Monday round-up
on Oct 27, 2014 at 6:42 am
The Supreme Court’s decision not to weigh in on challenges to state bans on same-sex marriage continues to spur coverage and commentary. In the ABA Journal, Debra Cassens Weiss summarizes a recent interview with President Barack Obama, who – among other things – described the Court’s denial of review as the Court’s best decision during his time in office. But at Jost on Justice, Kenneth Jost cites the case of a Texas widow denied federal Social Security benefits because the state does not recognize her marriage as “prov[ing] the need for the court to act — sooner, not later.”
Briefly:
- At the Blog of Legal Times, Tony Mauro reports on a recent appearance by Justices Clarence Thomas, Samuel Alito, and Sonia Sotomayor at their alma mater, Yale Law School.
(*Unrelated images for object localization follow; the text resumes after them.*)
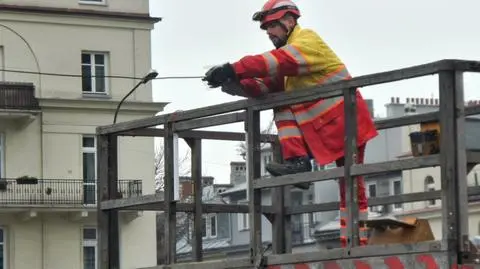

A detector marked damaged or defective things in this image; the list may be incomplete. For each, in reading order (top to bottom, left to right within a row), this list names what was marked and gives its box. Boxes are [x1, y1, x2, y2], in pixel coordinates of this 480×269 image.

rusty metal frame [94, 59, 480, 268] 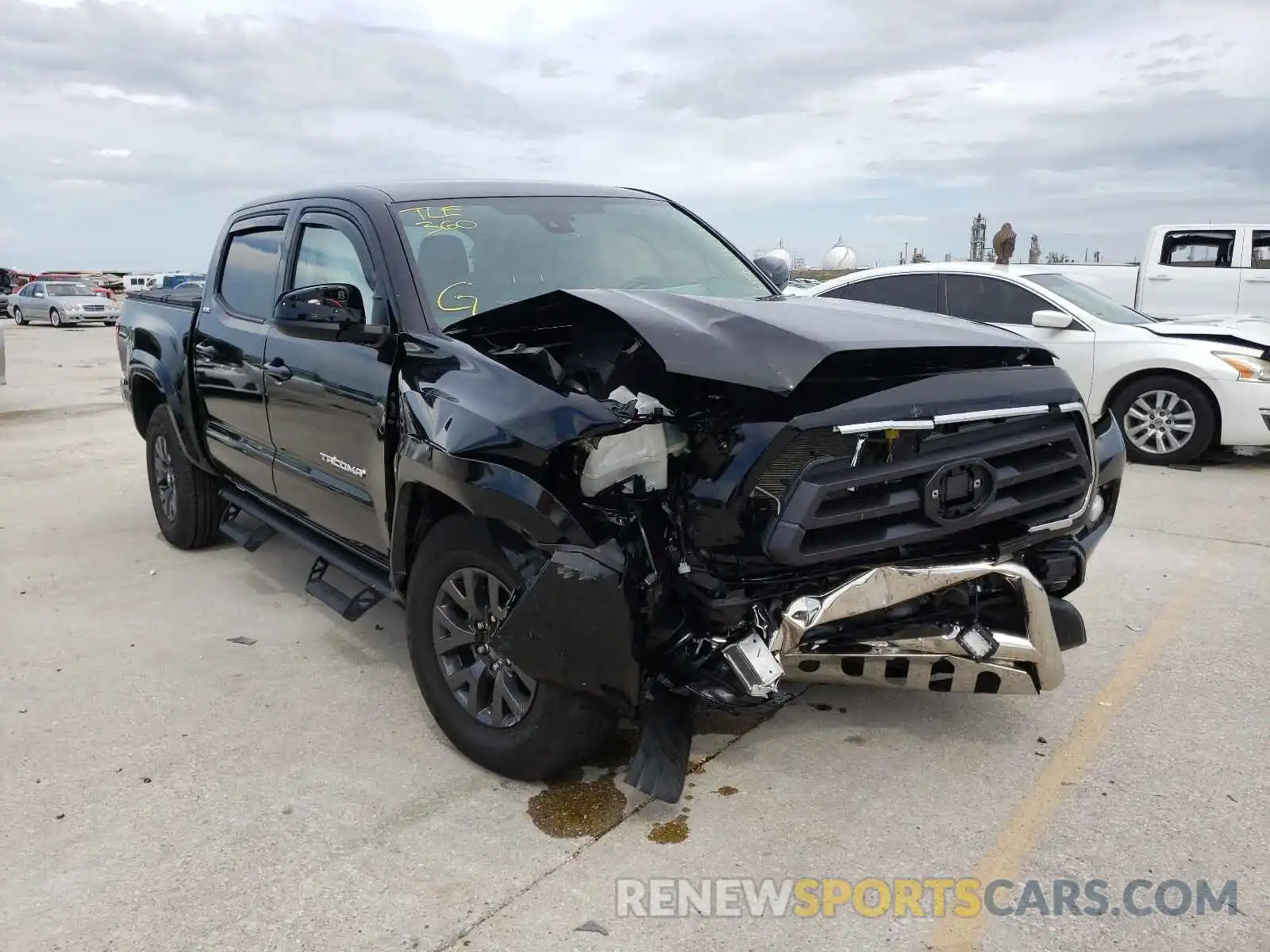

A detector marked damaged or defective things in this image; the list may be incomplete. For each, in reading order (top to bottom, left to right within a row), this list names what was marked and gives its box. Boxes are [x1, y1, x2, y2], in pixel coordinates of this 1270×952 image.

crumpled hood [448, 290, 1041, 393]
crumpled hood [1143, 314, 1270, 351]
damaged headlight [1213, 349, 1270, 382]
crashed front end [413, 290, 1124, 803] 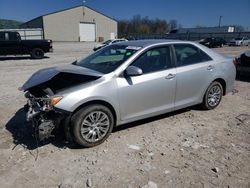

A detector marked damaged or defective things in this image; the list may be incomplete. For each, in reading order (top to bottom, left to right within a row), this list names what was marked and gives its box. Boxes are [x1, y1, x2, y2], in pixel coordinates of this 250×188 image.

damaged front end [19, 64, 102, 142] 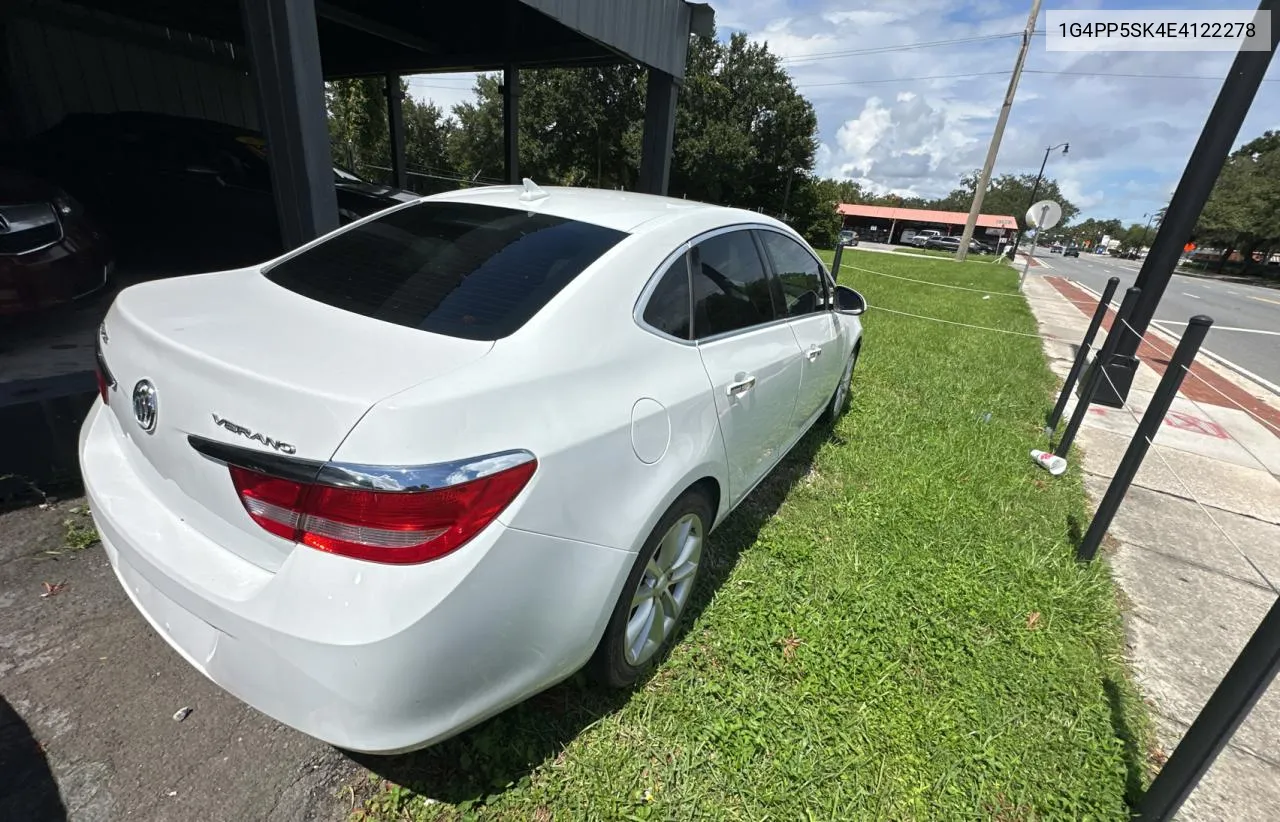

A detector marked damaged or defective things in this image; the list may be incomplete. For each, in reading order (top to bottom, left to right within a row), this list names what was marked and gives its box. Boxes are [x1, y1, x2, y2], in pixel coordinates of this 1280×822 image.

cracked pavement [1, 496, 360, 814] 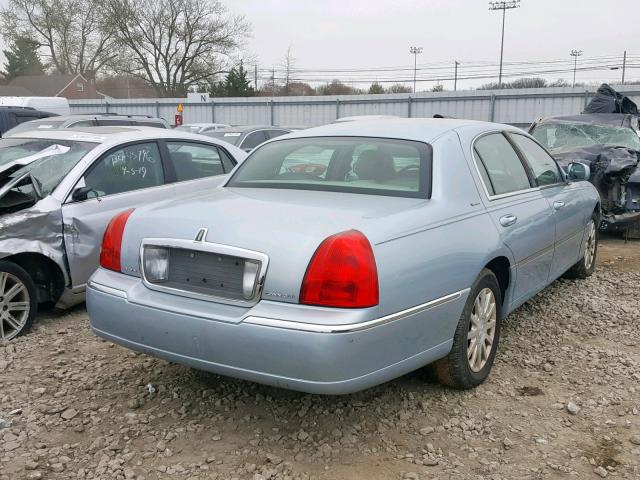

- In USA Today, Richard Wolf previews next week’s oral argument in Zivotofsky v. Kerry, in which the Court will consider the constitutionality of a federal statute that directs the State Department, upon request, to record the birthplace of a U.S. citizen born in Jerusalem as “Israel” on his passport.
- In his column for The Atlantic, Garrett Epps discusses Chief Justice John Roberts and his views on racial discrimination in the context of the Court’s recent order allowing Texas to implement its voter identification law, arguing that a “justice who truly abhors official racism should be agonized at the prospect of allowing a state to run an election if there is even a chance that it has chosen to discriminate in the right to vote.”
- At ACSblog, Jason Steed continues his series on term limits at the Court with two more posts that cover the possible logistics behind such limits (here) and what the Court might have looked like if term limits had been imposed in the past (here).
- At Re’s Judicata, Richard Re discusses the Court’s recent cert. denial in Jones v. United States, in which the Court had been asked to consider whether criminal sentences based in part on conduct alleged in counts on which the defendant has been acquitted, violates the Constitution.
- In a podcast at Oral Argument, Joe Miller and Christian Turner discuss Armstrong v. Exceptional Child Care Center, in which the Court will consider whether and when the Supremacy Clause gives Medicaid providers a private right of action to enforce a federal statute when Congress has created enforceable rights under that statute, with Steve Vladeck.
- In an op-ed for The National Law Journal, Rick Hasen outlines “four basic steps” that he believes the Court should take “to make its actions more transparent.”